*** Block opens ***

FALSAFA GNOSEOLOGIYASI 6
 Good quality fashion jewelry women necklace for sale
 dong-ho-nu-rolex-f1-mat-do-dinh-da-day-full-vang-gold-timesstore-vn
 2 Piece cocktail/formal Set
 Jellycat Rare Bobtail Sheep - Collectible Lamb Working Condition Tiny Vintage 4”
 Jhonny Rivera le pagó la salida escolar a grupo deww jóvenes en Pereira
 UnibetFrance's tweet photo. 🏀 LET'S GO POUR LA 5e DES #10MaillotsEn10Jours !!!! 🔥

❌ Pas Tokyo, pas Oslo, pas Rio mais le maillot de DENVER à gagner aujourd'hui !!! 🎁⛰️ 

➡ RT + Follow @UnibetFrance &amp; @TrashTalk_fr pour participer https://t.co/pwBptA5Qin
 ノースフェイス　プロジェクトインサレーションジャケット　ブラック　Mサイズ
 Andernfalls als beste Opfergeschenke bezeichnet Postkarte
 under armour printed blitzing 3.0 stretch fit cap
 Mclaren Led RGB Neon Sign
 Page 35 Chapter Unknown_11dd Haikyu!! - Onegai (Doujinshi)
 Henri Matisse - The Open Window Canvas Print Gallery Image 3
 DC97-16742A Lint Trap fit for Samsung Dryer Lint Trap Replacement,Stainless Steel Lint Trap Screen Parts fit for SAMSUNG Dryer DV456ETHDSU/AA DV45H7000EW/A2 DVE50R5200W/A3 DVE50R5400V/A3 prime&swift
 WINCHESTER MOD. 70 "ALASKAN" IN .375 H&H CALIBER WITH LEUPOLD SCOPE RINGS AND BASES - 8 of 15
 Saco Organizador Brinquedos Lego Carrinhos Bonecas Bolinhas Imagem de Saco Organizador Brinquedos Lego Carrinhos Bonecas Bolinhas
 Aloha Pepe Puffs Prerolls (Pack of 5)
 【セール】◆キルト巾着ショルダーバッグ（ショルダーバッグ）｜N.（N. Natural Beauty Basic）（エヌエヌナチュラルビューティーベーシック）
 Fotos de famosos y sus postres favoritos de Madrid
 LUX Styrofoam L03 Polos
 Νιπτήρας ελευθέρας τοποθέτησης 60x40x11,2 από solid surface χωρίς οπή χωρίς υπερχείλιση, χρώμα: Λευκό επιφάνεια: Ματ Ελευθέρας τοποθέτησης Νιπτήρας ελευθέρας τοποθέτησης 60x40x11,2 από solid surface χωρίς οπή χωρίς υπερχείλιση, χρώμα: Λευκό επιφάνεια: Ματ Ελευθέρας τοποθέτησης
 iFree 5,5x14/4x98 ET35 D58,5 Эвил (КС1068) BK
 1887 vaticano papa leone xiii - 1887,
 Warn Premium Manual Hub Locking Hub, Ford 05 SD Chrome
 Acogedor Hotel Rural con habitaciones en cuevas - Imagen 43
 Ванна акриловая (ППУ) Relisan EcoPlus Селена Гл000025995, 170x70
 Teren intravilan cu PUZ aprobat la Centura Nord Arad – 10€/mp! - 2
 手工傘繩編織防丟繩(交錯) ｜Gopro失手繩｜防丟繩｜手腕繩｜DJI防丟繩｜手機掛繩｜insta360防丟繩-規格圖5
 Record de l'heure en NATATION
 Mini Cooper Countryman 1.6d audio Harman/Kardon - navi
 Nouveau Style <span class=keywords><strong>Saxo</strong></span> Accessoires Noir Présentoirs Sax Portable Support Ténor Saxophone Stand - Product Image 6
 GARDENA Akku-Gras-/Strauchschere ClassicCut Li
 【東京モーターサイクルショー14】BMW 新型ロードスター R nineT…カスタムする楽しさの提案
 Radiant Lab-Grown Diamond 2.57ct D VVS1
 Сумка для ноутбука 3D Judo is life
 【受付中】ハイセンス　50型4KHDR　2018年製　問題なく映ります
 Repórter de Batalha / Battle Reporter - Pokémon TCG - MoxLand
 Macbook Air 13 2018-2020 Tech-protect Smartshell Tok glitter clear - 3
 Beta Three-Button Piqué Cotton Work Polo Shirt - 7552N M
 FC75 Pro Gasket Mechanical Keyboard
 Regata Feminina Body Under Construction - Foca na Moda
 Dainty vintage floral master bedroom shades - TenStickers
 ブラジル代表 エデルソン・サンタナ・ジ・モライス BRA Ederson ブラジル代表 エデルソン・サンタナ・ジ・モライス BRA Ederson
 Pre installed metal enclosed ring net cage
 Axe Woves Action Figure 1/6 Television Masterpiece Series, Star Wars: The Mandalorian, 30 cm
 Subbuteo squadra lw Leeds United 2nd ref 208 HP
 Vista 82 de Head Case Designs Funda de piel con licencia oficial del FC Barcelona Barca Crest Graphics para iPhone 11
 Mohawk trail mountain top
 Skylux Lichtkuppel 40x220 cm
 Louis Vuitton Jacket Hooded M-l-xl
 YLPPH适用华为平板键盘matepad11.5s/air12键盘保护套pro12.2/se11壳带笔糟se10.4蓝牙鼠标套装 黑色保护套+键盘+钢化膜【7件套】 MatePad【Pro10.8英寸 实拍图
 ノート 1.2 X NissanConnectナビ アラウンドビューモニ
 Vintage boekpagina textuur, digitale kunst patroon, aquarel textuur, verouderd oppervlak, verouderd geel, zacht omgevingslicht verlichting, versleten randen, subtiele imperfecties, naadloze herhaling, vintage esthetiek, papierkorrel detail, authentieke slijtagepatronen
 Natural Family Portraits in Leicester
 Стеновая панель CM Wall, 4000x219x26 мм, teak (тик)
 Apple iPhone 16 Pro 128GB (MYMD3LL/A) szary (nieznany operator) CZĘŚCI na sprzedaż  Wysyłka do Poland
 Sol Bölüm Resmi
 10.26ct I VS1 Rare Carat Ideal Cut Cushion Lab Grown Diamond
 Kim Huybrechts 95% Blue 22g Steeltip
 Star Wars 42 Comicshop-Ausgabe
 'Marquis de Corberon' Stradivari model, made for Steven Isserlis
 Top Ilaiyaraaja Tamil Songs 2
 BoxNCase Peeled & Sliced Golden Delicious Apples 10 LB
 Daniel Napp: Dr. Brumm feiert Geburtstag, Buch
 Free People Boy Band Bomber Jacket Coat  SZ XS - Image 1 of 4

*** Block closes ***

# PROBLEM
Go through the material above and output exactly the lines from the one containing "Mini Cooper Countryman" through the one containing "Radiant Lab-Grown Diamond 2.57ct D VVS1".

# EXERCISE SOLUTION
 Mini Cooper Countryman 1.6d audio Harman/Kardon - navi
 Nouveau Style <span class=keywords><strong>Saxo</strong></span> Accessoires Noir Présentoirs Sax Portable Support Ténor Saxophone Stand - Product Image 6
 GARDENA Akku-Gras-/Strauchschere ClassicCut Li
 【東京モーターサイクルショー14】BMW 新型ロードスター R nineT…カスタムする楽しさの提案
 Radiant Lab-Grown Diamond 2.57ct D VVS1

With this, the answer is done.